• **Entries supplied**:
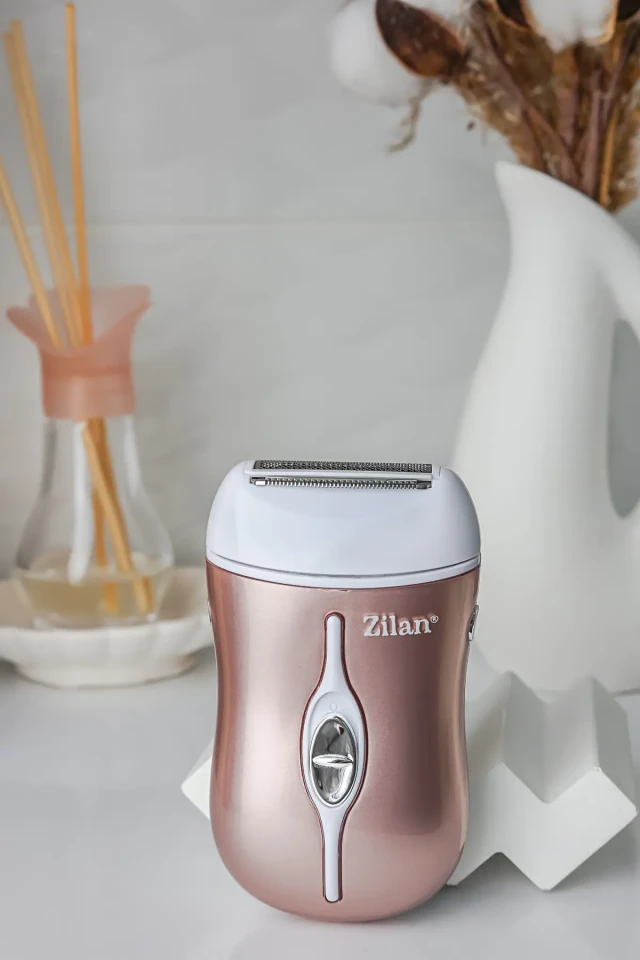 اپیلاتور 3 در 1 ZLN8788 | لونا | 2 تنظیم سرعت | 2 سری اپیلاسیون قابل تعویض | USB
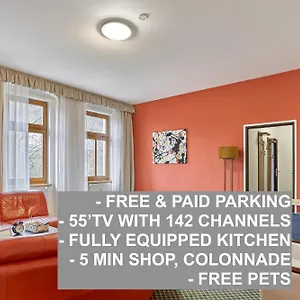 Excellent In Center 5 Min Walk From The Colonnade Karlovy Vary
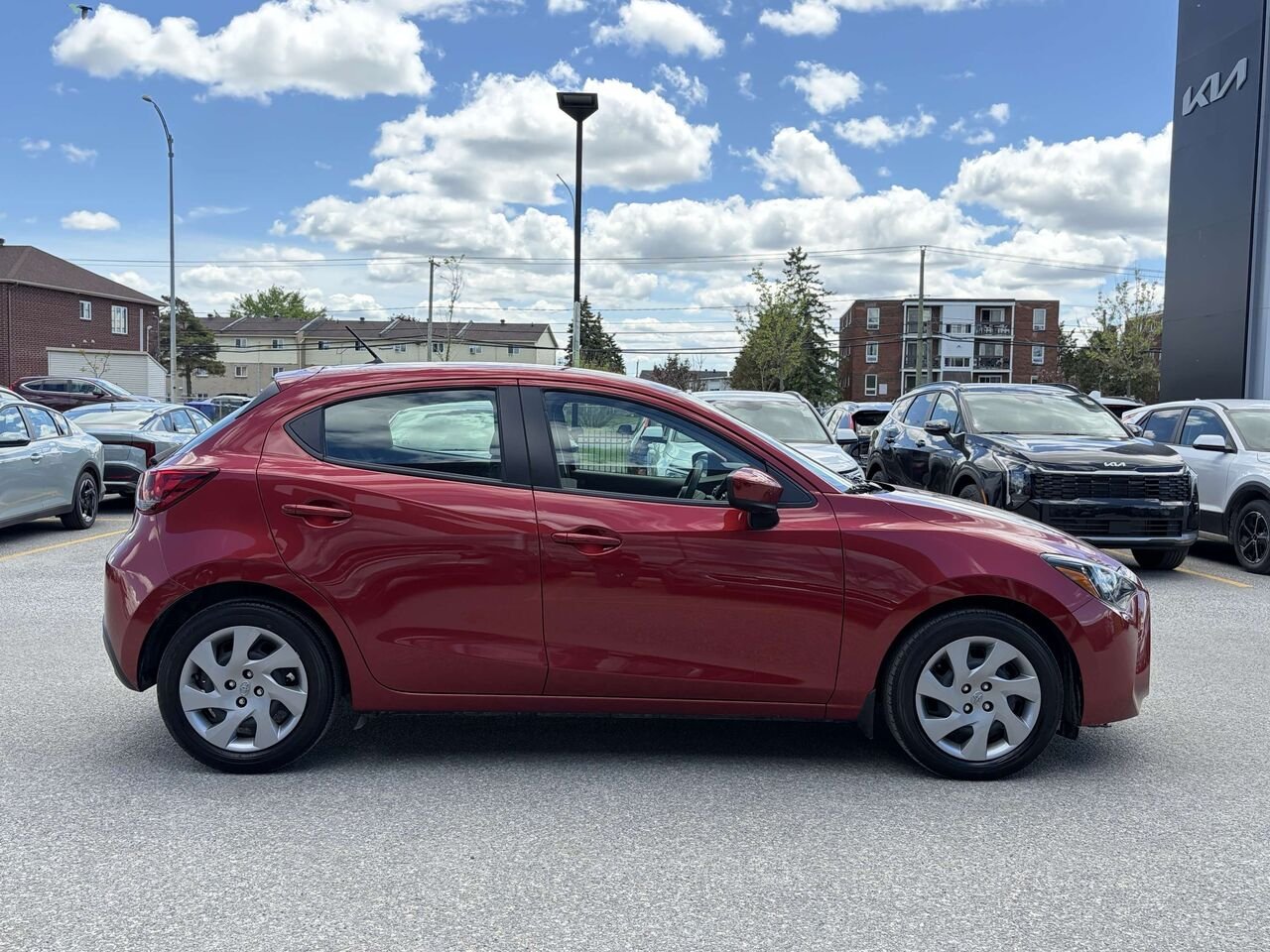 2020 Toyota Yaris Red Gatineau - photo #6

* * *

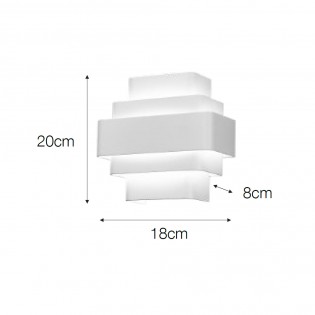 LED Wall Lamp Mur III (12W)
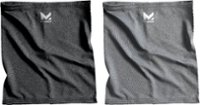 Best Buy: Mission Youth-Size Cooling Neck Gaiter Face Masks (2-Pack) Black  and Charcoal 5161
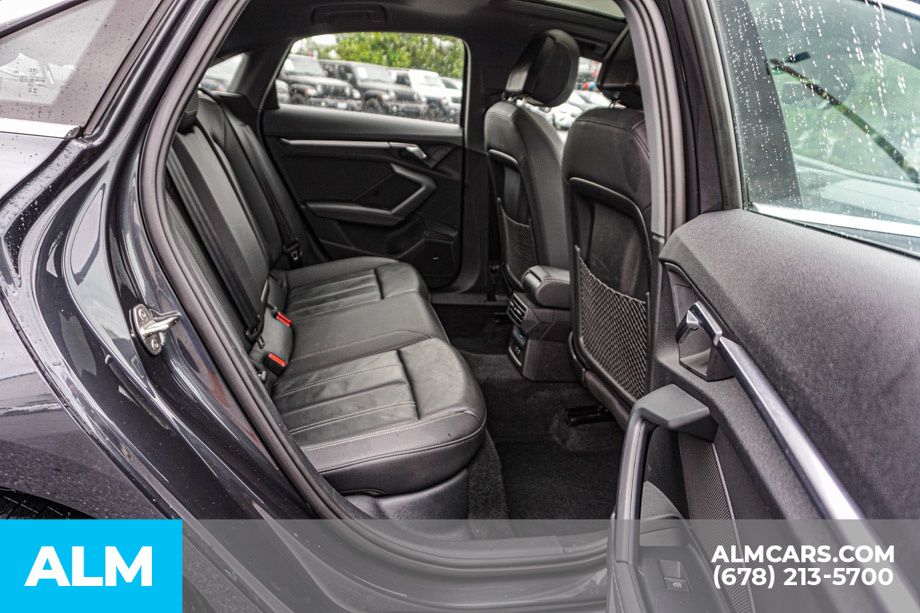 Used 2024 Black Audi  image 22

• **What is being asked**: Exactly the lines above, from the one containing "اپیلاتور 3 در" down to the one containing "2020 Toyota Yaris Red Gatineau - photo #6", are to be repeated, including both ends. Pictures are not part of the copy.

• **Your solution**:
 اپیلاتور 3 در 1 ZLN8788 | لونا | 2 تنظیم سرعت | 2 سری اپیلاسیون قابل تعویض | USB
 Excellent In Center 5 Min Walk From The Colonnade Karlovy Vary
 2020 Toyota Yaris Red Gatineau - photo #6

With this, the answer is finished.